Appendix B: More details on NeurIPS in Paris
Since 2021, NeurIPS is Paris has been a two-day event happening the week before NeurIPS, which mainly consists in oral and poster presentations of NeurIPS papers. The event is built with four key principles in mind.
First, the event is completely free of charge, which is made possible by the support of public and private sponsors. We additionally offer travel grants to researchers facing financial difficulties. The downside of running the event free of charge for participants is that this creates large demand, as well as a sizable proportion of no-shows.

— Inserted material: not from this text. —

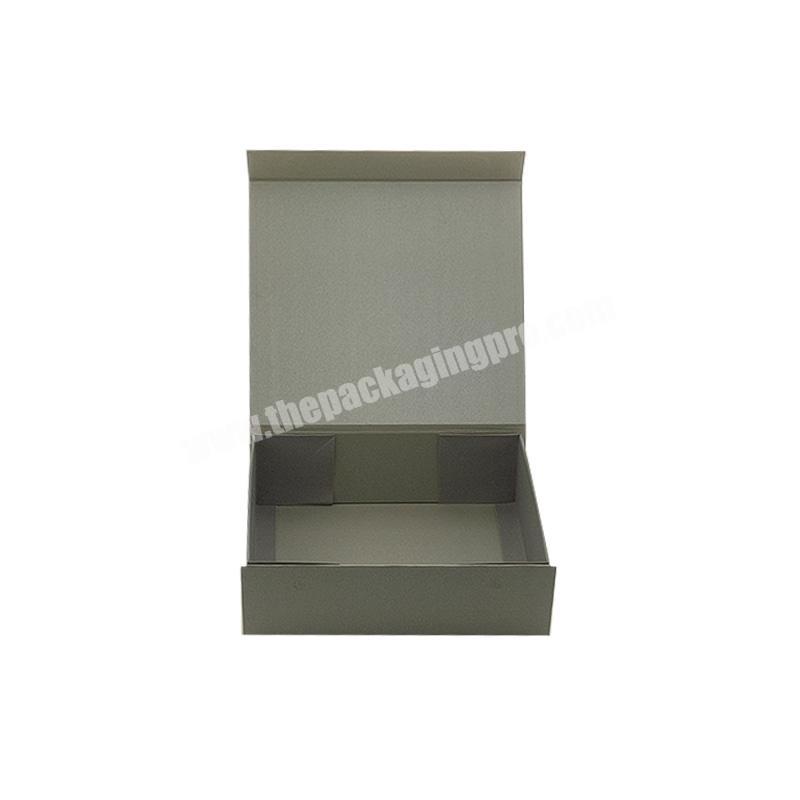 Personalized color design folding magnetic closure foldable gift box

Secondly, we keep the event of a reasonable size (around 300 participants), significantly under the number of people who could be interested in the event. This aims at balancing objectives of creating a sense of community in the ML research ecosystem in Paris, as well as keeping logistics under control, while at the same time serving as many attendees as possible. The size of the event makes it manageable by a core team of 3-4 well-motivated researchers on top of their usual duties.
Third, our event is meant to be as inclusive as possible: given the size constraint, we favour young researchers when selecting attendees, and include representation concerns in building the scientific program. Additionally, our conference features several talks on the social aspects of research, including biases, inclusivity and ethics. These talks are fully integrated in the flow of the conference and not isolated during a special session. We also offer mentoring sessions with a diverse panel of researchers that can help students build their career.
Finally, we have designed our event to be as sustainable as possible. We do not encourage or financially support air travel, and have set the location in a central European city which is easy to reach by train from a variety of locations. Our catering is completely vegetarian. Sponsors are asked not to bring any goodies in order to limit waste. We also favour research addressing the social aspects of machine learning when selecting oral presentations.